Jeżeli reklama GDDKiA redukuje kobietę do biustu, to do czego redukuje mężczyzn? Do – przepraszam za określenie - śliniących się humanoidów, niemogących skoncentrować się na prowadzeniu auta, kiedy „coś” działa na ich wyobraźnię? Doprawdy, czuję się obrażony. Podczas jazdy rozpraszają mnie tylko rozmowy o filozofii na głośnomówiącym.
Środowiska są poruszone, ale cóż je tak porusza? Co same myślą o kobiecie? Cóż zdrożnego jest w przechadzaniu się z pięknymi piersiami w skąpiej spódniczce? Toż marsze organizowane w porze letniej udowadniały, że nic. A jednak! Jak nie oburza, kiedy oburza!

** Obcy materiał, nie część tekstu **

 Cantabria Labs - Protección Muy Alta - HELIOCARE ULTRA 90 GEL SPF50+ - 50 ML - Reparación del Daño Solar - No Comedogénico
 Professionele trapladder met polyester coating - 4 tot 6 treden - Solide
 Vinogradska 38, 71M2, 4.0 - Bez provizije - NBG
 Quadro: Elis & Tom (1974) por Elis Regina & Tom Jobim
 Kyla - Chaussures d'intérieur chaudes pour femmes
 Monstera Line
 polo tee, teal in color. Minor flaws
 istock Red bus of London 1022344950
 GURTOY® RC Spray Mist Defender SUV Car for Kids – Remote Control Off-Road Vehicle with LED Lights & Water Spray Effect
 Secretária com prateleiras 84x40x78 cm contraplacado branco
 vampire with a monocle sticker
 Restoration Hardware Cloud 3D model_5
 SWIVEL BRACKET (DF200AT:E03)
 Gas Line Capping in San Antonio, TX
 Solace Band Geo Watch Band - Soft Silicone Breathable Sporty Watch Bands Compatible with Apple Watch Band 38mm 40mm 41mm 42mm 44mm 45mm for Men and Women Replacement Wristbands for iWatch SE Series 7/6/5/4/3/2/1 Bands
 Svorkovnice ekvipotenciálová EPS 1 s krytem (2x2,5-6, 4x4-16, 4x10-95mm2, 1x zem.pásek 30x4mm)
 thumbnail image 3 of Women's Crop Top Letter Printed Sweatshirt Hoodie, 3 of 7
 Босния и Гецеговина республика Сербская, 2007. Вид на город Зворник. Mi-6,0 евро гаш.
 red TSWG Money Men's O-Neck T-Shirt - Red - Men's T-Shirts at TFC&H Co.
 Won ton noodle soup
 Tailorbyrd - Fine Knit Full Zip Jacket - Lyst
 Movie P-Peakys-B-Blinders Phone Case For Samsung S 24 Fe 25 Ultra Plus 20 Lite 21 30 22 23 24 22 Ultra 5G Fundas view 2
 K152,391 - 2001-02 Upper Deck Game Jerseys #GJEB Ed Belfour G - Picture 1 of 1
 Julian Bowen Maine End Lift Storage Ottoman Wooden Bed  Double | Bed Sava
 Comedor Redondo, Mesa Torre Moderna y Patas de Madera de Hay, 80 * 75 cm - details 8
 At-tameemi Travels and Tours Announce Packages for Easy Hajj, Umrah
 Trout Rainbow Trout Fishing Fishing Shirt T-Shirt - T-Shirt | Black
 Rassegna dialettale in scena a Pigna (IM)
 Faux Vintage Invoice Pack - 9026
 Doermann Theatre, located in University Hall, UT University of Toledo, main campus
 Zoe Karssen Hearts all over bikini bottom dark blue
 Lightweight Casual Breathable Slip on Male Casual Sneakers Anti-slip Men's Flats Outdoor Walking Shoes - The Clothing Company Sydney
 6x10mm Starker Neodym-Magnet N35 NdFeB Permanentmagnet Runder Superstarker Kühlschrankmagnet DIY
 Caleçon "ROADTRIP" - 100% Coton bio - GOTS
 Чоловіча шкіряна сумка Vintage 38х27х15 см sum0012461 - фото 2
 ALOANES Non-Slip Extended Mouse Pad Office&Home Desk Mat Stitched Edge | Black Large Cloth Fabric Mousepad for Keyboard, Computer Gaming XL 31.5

Jak żyć, Drogie Środowiska? Jak zafascynować się, nie fascynując się wcale? Jak zakochać nie kochając? Jak admirować nie admirując? Jak być człowiekiem będąc nieludzkim? Co zrobić, żeby na osiedlu nie było już żadnych przejawów życia? Tylko, ledwo już zipiąca, plecha robiąca zakupy w dyskontach i zadłużająca się ponad miarę na poczet równości, siostrzeństwa i braterstwa. WORD jeszcze podkreśla siostrzeństwo, ale niedługo i to się zmieni.
I to wszystko za moje pieniądze. Gdybyście chociaż bronili kwestii smaku. A tak, czysta biologia. Brak mi słów, choć oczywiście, czuję się urażony.